# [Description of the task]
Each entry that follows should be set down precisely, with its pictures removed.

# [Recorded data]
┄┄┄┄┄┄

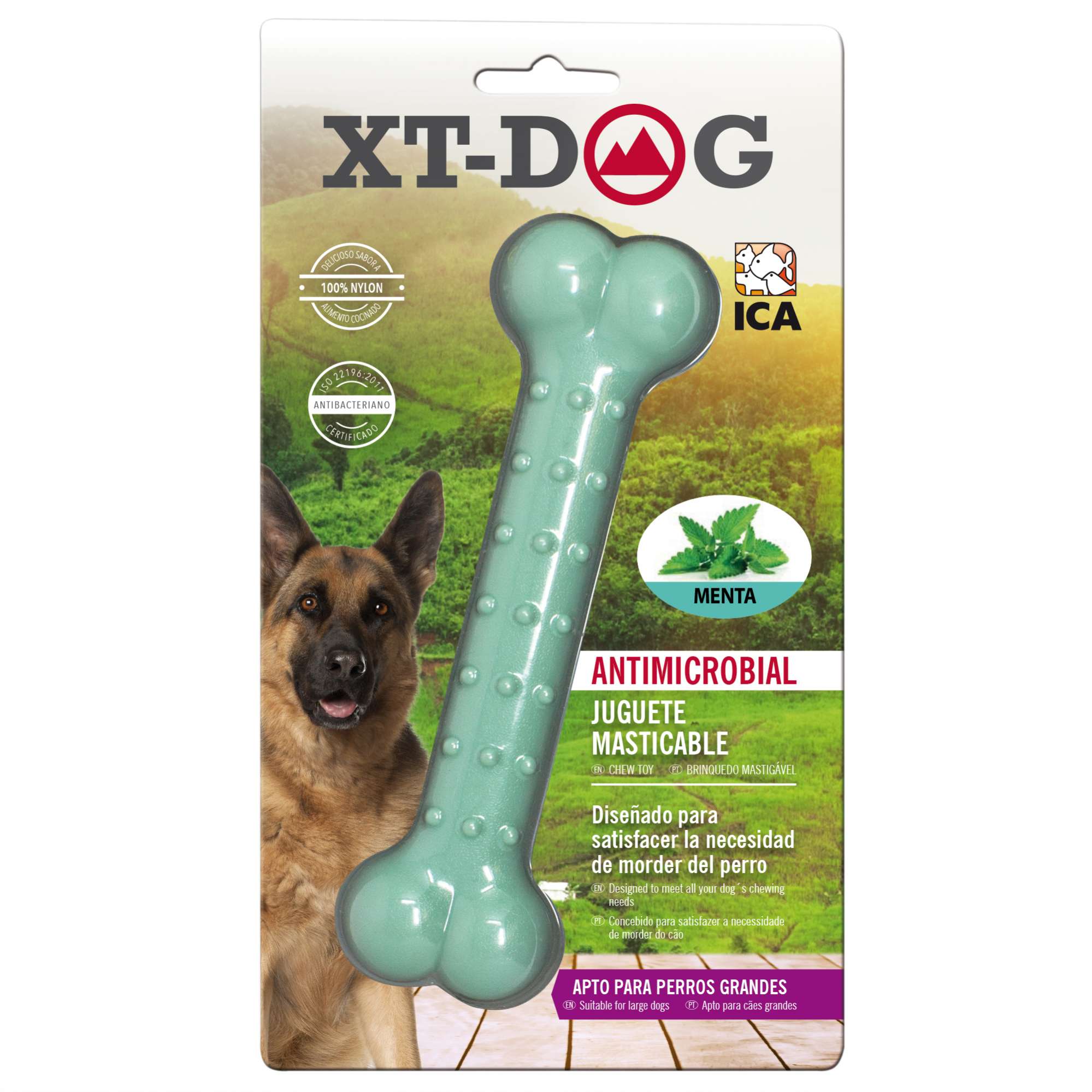 JW157-huesito-dental-bone-nylon-menta-de-xt-dog_general_7950 DENTALBONE NYLON MENTA G. - Imagen 1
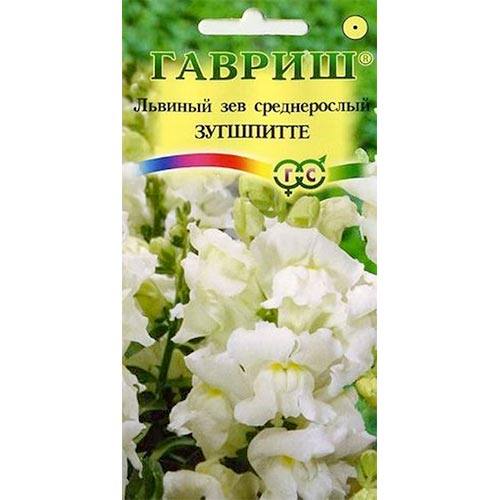 Антирринум (львиный зев) Зугшпитте, семена артикул фото 1 Антирринум (львиный зев) Зугшпитте, семена изображение 1 артикул 91901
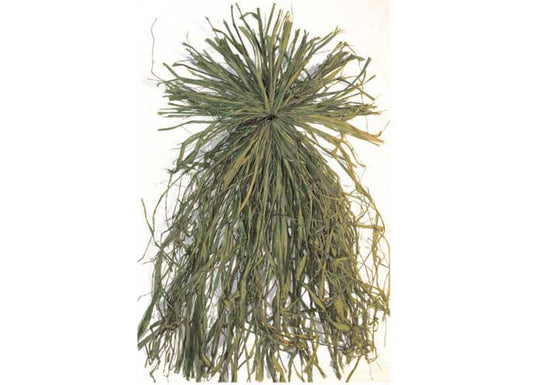 Beavertail Boats and Decoys GHILLIE GRASS BUNDLE GREEN - ALL NATURAL RAFFIA GRASS BUNDLE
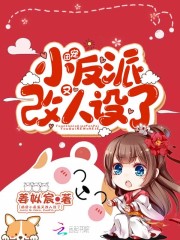 ����ƫִ̫�ӵ��ų�С����С˵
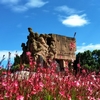 4月15日，“爽爽贵阳 红色息烽 与渝相约”避暑旅居推介活动在重庆举办……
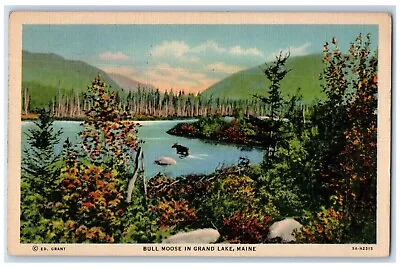 1939 View Of Bull Moose River Grand Lake Maine ME Posted Vintage Postcard • $9.98
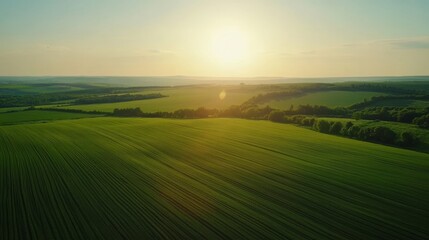 Lush green farm fields stretch out under a bright sun.  This aerial view shows the beauty of the Ukrainian countryside, a heartland of agriculture in Europe.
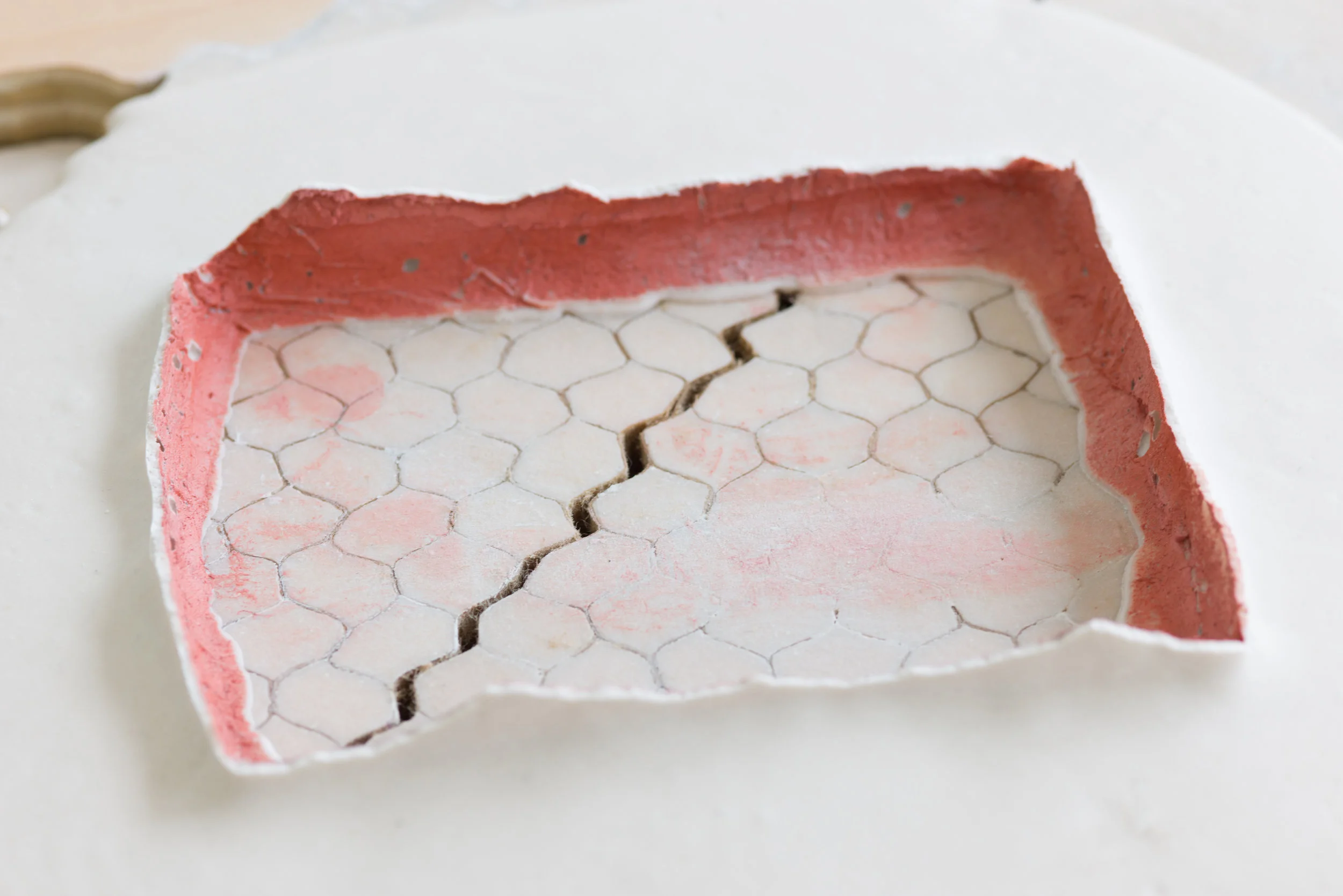 Barb Smith No. 4 (detail), 2017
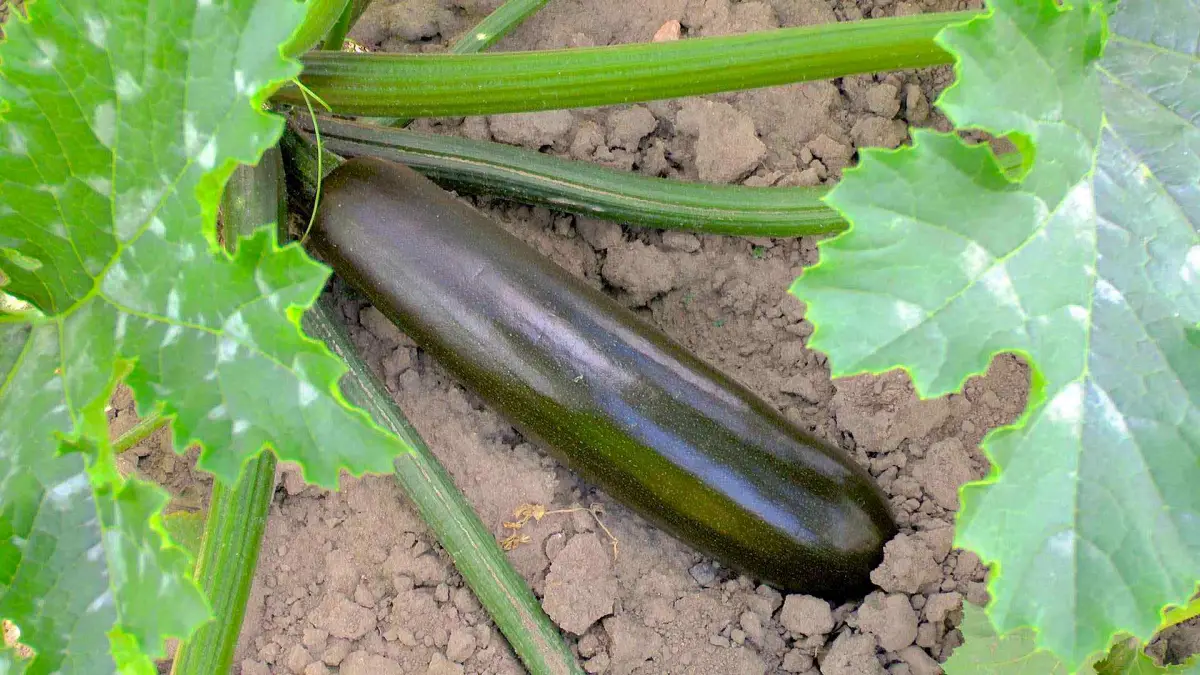 was tun bei bluetenfaeulte bei zucchini dunkelgruene zucchini trockener boden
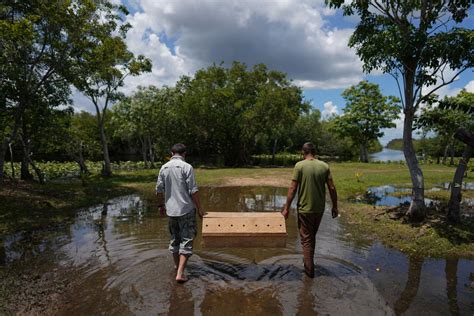 Photos Scientists Race To Save Cuban Crocodiles Climate Al Jazeera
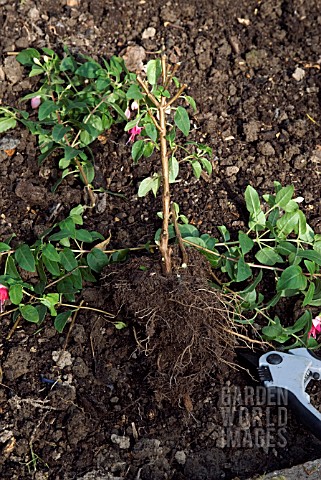 OVERWINTERING_A_NON_HARDY_FUCHSIA__REMOVING_LEAVES
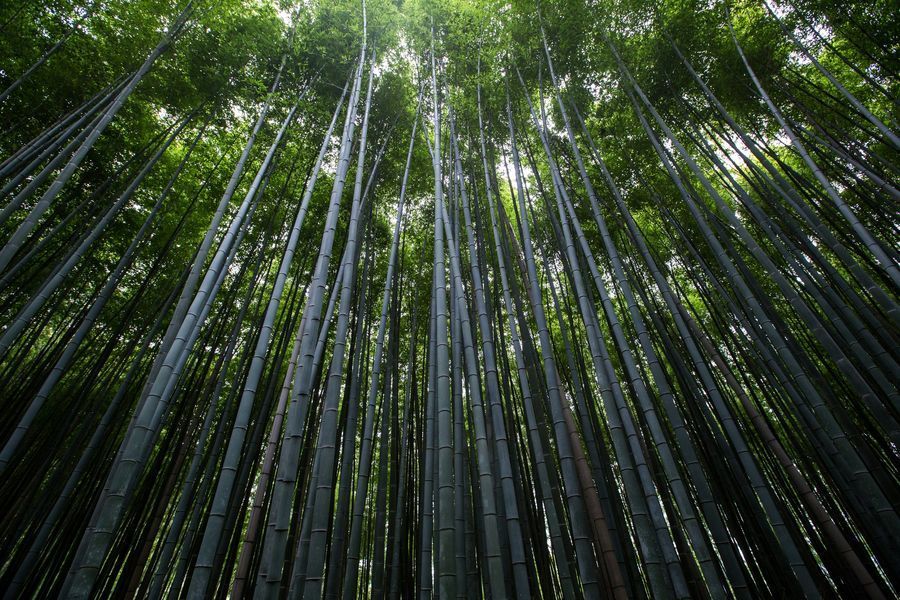 Arashiyama Bamboo Forest in undefined region of undefined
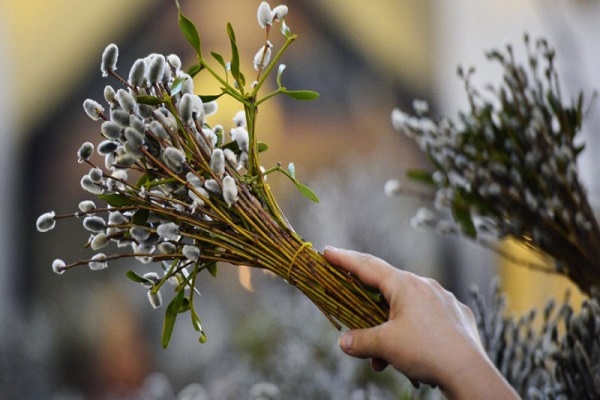 Тернополяни на повну готуються до Вербної неділі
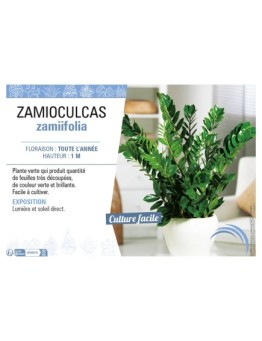 ZAMIOCULCAS ZAMIIFOLIA
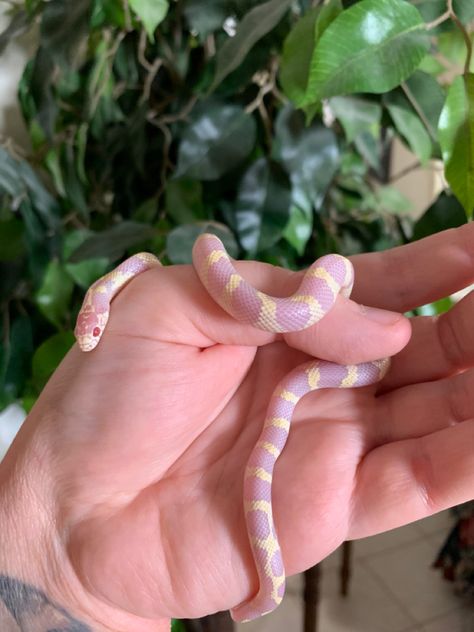 Albino Reptiles, Lavender Corn Snake, King Snake, Baby Snakes, Cool Snakes, Pretty Snakes, Colorful Snakes, Small Snakes, Corn Snake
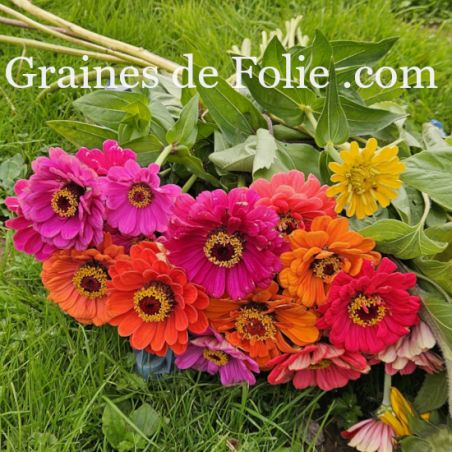 ZINNIA de CALIFORNIE elegans Mix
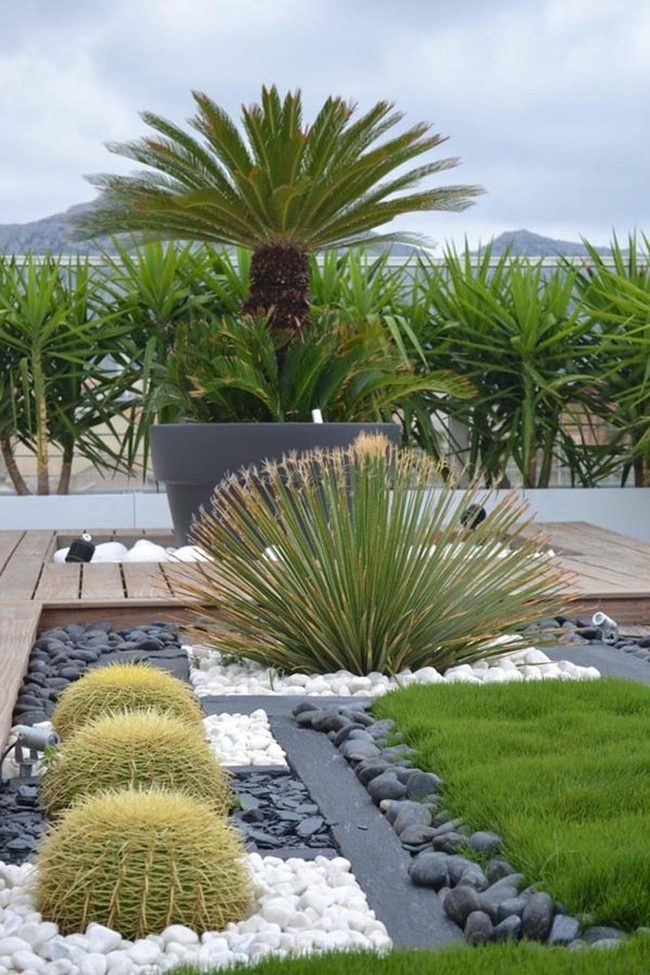 Black Stones, Green Plants, Pure Contrast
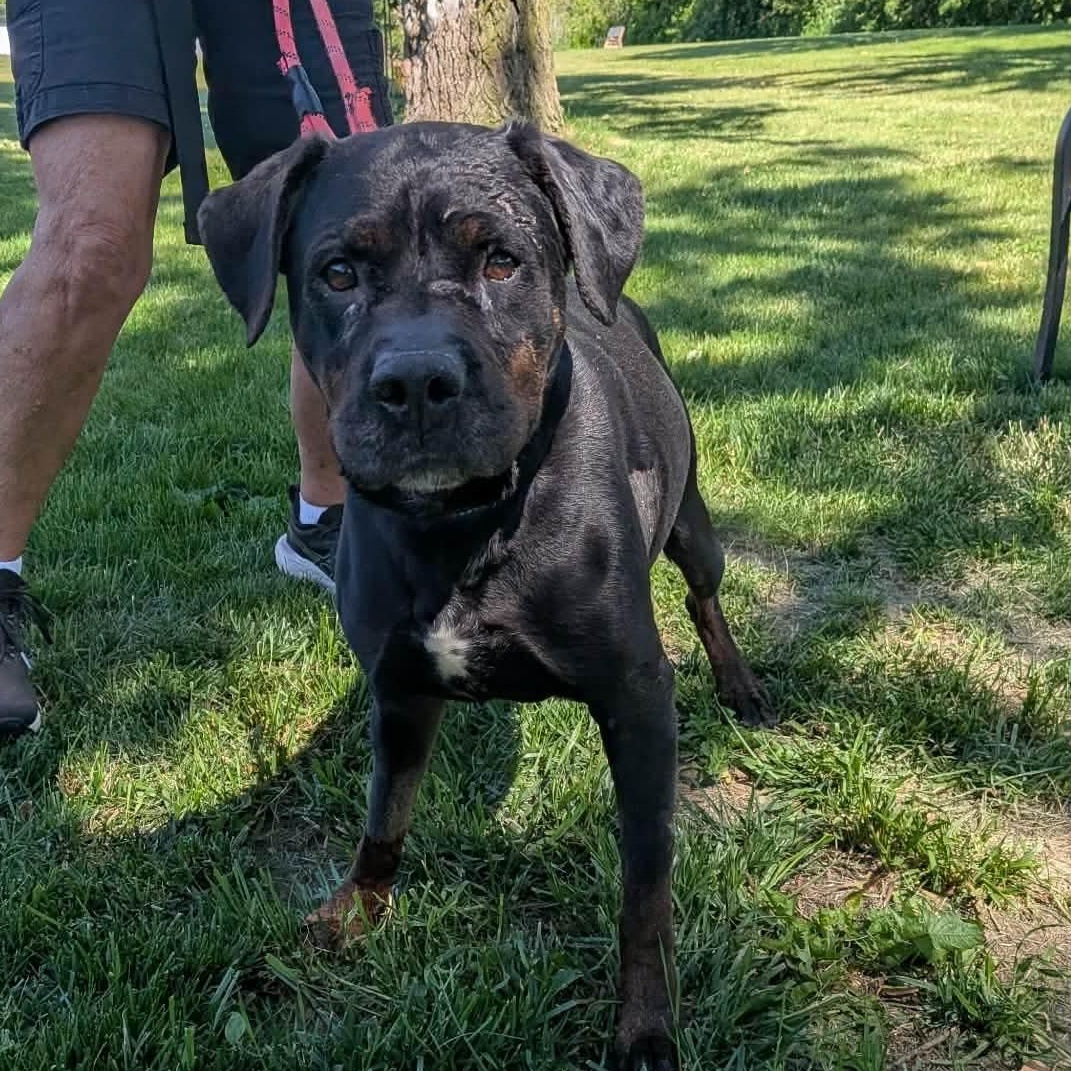 Enlarge Hammy, a Adoptable mixed breed in Elyria, OH image 6/6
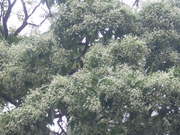 120504ヒトツバタゴ満開@エコカフェ.JPG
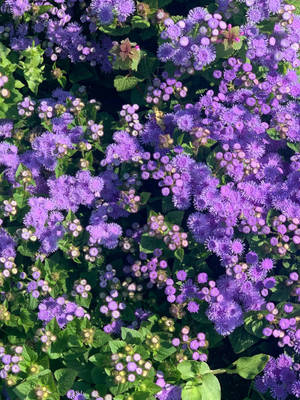 Floare Bluemink Floral Iphone — Floral iPhone Fundal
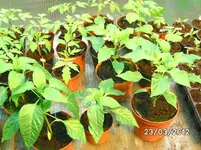 BILD0651.webp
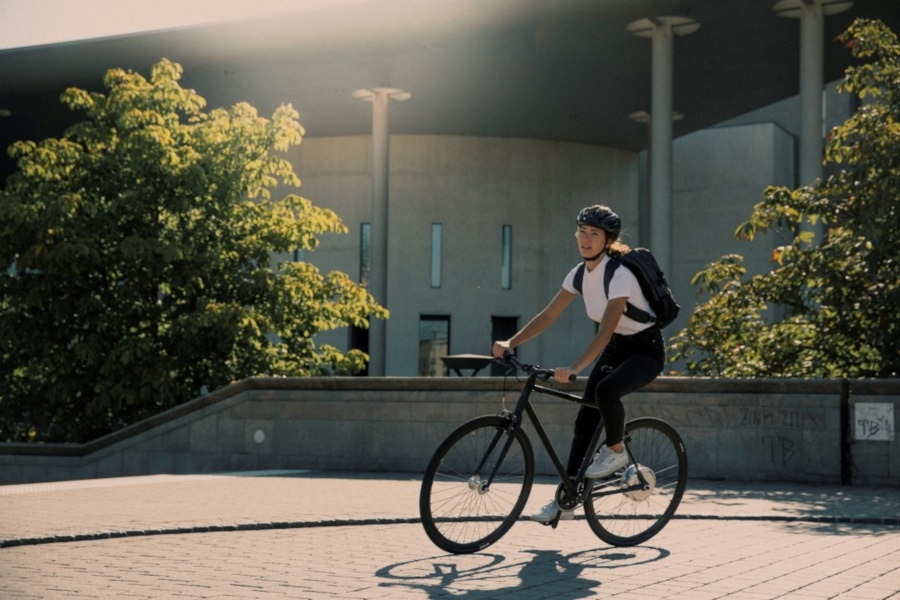 Fixie Inc Backspin Zehus city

┄┄┄┄┄┄

# [Task response]
 JW157-huesito-dental-bone-nylon-menta-de-xt-dog_general_7950 DENTALBONE NYLON MENTA G. - Imagen 1
 Антирринум (львиный зев) Зугшпитте, семена артикул фото 1 Антирринум (львиный зев) Зугшпитте, семена изображение 1 артикул 91901
 Beavertail Boats and Decoys GHILLIE GRASS BUNDLE GREEN - ALL NATURAL RAFFIA GRASS BUNDLE
 ����ƫִ̫�ӵ��ų�С����С˵
 4月15日，“爽爽贵阳 红色息烽 与渝相约”避暑旅居推介活动在重庆举办……
 1939 View Of Bull Moose River Grand Lake Maine ME Posted Vintage Postcard • $9.98
 Lush green farm fields stretch out under a bright sun.  This aerial view shows the beauty of the Ukrainian countryside, a heartland of agriculture in Europe.
 Barb Smith No. 4 (detail), 2017
 was tun bei bluetenfaeulte bei zucchini dunkelgruene zucchini trockener boden
 Photos Scientists Race To Save Cuban Crocodiles Climate Al Jazeera
 OVERWINTERING_A_NON_HARDY_FUCHSIA__REMOVING_LEAVES
 Arashiyama Bamboo Forest in undefined region of undefined
 Тернополяни на повну готуються до Вербної неділі
 ZAMIOCULCAS ZAMIIFOLIA
 Albino Reptiles, Lavender Corn Snake, King Snake, Baby Snakes, Cool Snakes, Pretty Snakes, Colorful Snakes, Small Snakes, Corn Snake
 ZINNIA de CALIFORNIE elegans Mix
 Black Stones, Green Plants, Pure Contrast
 Enlarge Hammy, a Adoptable mixed breed in Elyria, OH image 6/6
 120504ヒトツバタゴ満開@エコカフェ.JPG
 Floare Bluemink Floral Iphone — Floral iPhone Fundal
 BILD0651.webp
 Fixie Inc Backspin Zehus city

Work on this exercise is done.